This week is ‘Brain Awareness Week’, an event aimed at dispelling so-called neuromyths. A letter published in the Guardian on the eve of Brain Awareness Week, signed by 30 neuroscientists, psychologists and educationalists, criticised what the signatories claim is one of the biggest neuromyths – that children have distinct ‘learning styles’. The letter argues that there is ‘no evidence, or very weak evidence’ to back up this idea. The message is clear: ‘Teachers must ditch… learning styles.’
Learning styles refer to the different ways in which people learn, or so the theory goes. There are ‘abstract learners’, ‘concrete learners’, ‘active learners’ and ‘kinaesthetic learners’ (those who learn through physical activity).

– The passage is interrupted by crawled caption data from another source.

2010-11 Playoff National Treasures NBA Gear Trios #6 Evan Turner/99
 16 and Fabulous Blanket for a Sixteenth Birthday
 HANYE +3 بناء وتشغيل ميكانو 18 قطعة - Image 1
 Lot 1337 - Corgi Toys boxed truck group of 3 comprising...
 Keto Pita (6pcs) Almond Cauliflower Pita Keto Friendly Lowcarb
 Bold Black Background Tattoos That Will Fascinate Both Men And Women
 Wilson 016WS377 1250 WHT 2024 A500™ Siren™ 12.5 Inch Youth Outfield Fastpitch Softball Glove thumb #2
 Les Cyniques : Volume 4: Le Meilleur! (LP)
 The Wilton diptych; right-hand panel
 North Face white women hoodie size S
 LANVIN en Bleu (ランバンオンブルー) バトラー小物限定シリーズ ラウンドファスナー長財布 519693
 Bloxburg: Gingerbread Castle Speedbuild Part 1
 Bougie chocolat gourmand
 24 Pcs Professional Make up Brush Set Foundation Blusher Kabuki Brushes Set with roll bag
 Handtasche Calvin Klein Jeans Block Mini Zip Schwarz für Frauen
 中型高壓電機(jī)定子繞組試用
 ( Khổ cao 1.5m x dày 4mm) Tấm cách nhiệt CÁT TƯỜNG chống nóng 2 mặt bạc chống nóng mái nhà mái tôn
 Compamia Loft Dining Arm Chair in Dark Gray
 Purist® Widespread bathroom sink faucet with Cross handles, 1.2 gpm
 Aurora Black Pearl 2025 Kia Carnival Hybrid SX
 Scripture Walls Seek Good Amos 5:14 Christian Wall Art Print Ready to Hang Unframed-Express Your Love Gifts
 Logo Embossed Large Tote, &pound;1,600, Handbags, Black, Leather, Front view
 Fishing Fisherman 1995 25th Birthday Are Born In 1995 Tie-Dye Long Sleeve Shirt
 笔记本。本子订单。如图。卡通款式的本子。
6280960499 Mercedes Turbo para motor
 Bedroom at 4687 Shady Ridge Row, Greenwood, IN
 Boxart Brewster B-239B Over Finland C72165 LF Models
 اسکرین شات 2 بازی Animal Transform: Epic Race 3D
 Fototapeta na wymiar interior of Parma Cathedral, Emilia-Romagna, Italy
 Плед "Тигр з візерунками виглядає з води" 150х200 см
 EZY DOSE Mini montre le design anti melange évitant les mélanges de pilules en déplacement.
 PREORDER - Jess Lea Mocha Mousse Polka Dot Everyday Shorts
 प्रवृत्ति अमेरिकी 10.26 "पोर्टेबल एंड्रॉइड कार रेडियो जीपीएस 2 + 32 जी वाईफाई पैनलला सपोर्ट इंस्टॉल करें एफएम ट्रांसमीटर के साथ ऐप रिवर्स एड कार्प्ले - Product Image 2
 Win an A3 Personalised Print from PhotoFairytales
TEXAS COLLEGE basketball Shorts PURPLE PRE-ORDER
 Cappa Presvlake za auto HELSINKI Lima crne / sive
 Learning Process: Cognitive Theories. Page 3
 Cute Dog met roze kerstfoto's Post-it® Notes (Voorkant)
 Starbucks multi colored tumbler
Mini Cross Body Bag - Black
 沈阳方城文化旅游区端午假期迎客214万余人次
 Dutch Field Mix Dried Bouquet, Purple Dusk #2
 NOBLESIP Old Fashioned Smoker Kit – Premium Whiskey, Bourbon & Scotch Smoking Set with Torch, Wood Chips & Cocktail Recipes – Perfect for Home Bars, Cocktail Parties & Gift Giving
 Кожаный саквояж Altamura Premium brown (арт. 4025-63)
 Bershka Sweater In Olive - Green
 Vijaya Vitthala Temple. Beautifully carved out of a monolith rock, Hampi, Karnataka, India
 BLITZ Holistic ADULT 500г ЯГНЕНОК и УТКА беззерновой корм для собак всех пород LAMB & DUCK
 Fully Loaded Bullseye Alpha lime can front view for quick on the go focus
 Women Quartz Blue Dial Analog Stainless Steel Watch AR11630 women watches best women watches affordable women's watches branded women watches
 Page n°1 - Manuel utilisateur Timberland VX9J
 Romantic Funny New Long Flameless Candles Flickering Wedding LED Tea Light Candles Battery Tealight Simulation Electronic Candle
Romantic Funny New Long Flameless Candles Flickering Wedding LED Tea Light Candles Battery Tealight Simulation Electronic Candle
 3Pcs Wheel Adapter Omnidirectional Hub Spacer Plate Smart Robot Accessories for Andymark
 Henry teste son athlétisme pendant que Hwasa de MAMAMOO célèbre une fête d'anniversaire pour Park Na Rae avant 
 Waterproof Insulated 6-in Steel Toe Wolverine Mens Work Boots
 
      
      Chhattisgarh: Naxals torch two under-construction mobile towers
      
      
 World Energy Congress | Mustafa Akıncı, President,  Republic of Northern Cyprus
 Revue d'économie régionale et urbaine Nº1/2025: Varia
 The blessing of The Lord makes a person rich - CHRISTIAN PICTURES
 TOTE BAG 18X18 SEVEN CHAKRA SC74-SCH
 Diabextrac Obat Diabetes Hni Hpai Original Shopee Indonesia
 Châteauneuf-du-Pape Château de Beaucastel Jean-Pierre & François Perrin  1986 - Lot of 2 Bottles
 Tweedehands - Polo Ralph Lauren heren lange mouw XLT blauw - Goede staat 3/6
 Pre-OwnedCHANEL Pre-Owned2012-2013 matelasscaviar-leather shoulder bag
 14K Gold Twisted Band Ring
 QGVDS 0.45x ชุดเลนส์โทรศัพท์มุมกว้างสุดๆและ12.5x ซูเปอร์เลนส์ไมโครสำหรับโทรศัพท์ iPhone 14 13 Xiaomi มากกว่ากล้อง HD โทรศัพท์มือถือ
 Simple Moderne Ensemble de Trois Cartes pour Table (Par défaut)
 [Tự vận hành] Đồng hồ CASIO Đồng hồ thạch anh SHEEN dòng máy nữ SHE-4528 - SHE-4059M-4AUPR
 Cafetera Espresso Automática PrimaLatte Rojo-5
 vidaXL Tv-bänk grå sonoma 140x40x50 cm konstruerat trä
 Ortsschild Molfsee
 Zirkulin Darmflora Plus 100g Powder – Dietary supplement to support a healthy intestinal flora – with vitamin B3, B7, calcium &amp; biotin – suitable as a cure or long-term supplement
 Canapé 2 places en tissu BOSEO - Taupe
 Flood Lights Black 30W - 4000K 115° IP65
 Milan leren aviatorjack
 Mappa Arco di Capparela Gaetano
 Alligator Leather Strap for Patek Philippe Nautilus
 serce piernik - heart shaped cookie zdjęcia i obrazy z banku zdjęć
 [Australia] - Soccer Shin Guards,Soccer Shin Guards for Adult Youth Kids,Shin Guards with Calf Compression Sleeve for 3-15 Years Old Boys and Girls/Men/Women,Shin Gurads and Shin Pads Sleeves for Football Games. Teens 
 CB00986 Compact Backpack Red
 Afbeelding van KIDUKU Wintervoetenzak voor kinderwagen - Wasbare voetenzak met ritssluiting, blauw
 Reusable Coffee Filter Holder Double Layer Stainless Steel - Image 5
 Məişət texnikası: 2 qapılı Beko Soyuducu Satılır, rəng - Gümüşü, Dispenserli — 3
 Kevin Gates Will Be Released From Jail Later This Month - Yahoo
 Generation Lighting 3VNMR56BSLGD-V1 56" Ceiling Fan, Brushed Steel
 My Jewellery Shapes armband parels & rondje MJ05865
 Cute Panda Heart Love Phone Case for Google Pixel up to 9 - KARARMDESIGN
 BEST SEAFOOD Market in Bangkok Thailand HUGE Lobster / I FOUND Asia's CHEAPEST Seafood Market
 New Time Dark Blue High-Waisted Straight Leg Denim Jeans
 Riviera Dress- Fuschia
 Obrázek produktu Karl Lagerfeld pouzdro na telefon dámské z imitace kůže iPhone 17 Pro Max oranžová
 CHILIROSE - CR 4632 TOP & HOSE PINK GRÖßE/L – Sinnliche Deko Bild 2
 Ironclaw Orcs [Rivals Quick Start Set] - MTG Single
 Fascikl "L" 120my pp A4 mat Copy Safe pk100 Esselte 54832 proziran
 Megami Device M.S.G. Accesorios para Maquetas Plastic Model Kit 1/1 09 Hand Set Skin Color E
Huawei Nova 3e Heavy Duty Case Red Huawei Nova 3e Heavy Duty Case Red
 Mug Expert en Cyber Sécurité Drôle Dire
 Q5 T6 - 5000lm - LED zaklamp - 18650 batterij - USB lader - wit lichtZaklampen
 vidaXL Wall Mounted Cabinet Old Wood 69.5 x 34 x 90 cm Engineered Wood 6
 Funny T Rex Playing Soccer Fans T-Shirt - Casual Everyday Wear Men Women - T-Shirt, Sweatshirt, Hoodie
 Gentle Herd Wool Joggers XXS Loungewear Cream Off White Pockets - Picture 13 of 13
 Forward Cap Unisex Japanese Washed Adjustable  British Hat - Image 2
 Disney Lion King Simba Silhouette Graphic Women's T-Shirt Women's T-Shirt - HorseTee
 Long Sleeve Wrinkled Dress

The terminology varies across the more than 70 tests and evaluations used to find out what type of learner you are.
One of the letter’s signatories is Frank Coffield, who, back in 2004, led two reports on learning styles. The reports showed that the concept of learning styles is not based on valid or reliable research and could create rigid ideas about how individuals learn. Coffield and his colleagues were right to be concerned. At the same time that those reports were published, the Merseyside borough of Knowsley’s local education authority tested its primary pupils and discovered a majority of them were ‘kinaesthetic learners’. It subsequently rebuilt all its secondary schools as temples of ‘kinaesthetic learning’, based on physical activity. The pupils dubbed the schools ‘wacky warehouses’ and the new designs caused behavioural chaos, ruining the education of hundreds of children.
Even though Coffield’s reports proved learning styles to be ineffectual, there seems to be a willing blindness to the truth. A quick Google search shows that the use of learning styles is being adopted almost everywhere. It is particularly popular in the ‘inclusion’ and ‘dyslexia’ industries, where learning styles are promoted with almost religious passion. As a result, large numbers of students come to university convinced that they have one dominant learning style. One of my colleagues, who discussed Coffield’s reports with her students, was met with the response: ‘I don’t care what the research says. I believe in learning styles.’
How you learn is determined primarily by the subject you are studying and its content. When I was a further-education teacher-trainer, I looked at learning styles to make a point about subjects. My classes were a mixture of teachers of philosophy, psychology, art, building and other subjects. And guess what? The philosophers came out as ‘abstract learners’, the artists as ‘kinaesthetic learners’ and the builders as ‘concrete learners’. The way individuals learn is determined by the subject matter.